Vanita Gupta, the president and CEO of The Leadership Conference on Civil and Human Rights, blasted Dreiband’s nomination. “Dreiband has devoted the vast majority of his career to defending corporations accused of employment discrimination. He has opposed important legislation to safeguard our civil rights,” Gupta said. “And he has no known experience in most of the Civil Rights Division’s core issue areas, such as voting rights, police reform, housing, education, and hate crimes. He is the wrong person for the job.”
Here’s what you should know about Dreiband:
- Dreiband represented Abercrombie & Fitch, after the clothing retailer was sued in 2008 by Samantha Elauf, a Muslim teenager in Oklahoma, who charged that the company denied her a sales job because she wore a headscarf for religious purposes. Abercrombie & Fitch, which promotes a collegiate sex-and-bros aesthetic, argued that Elauf’s headscarf violated their “look policy.” The case eventually went all the way to the U.S. Supreme Court, which ruled 8-1 in Elauf’s favor. Elauf was backed by the U.S. Equal Employment Opportunity Commission, the civil rights office within the Department of Labor.
- Dreiband was also part of the legal team that represented the University of North Carolina last year in its contentious showdown with the Justice Department over “HB2,” the state law that restricted transgender North Carolinians’ access to public restrooms and voided all LGBT protections throughout the state.
- Dreiband defended R.J. Reynolds, America’s second-largest tobacco company, in an age-discrimination case that started in 2015. The plaintiff in the suit was denied a job with the company at age 49. He sued after learning, thanks to a whistleblower, that the company had hired a subcontractor to sift through resumés and discard “older” applicants. Earlier this week, the Supreme Court left a lower court’s narrow 6-5 decision intact — which was that the Age Discrimination in Employment Act applies only to people who are currently employed rather than seeking employment.

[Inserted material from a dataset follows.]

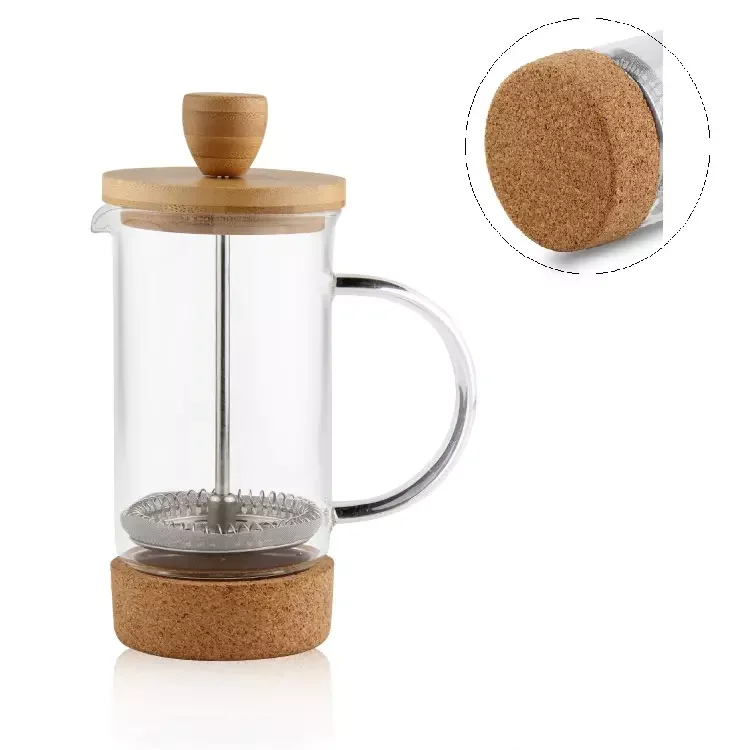 350Ml 600Ml 800Ml Draagbare Franse Pers Glas Koffie En Thee Maker Met Bamboe Deksel En Cork Base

- He also represented Bloomberg LP in a 2008 lawsuit that accused the company of discriminating against pregnant women by diminishing their pay and denying them promotions. Bloomberg won the case.
- According to his law firm biography, Dreiband served in the Office of Independent Counsel Kenneth W. Starr, from 1997 to 2000, where he led the investigation and subsequent prosecution of a Clinton associate.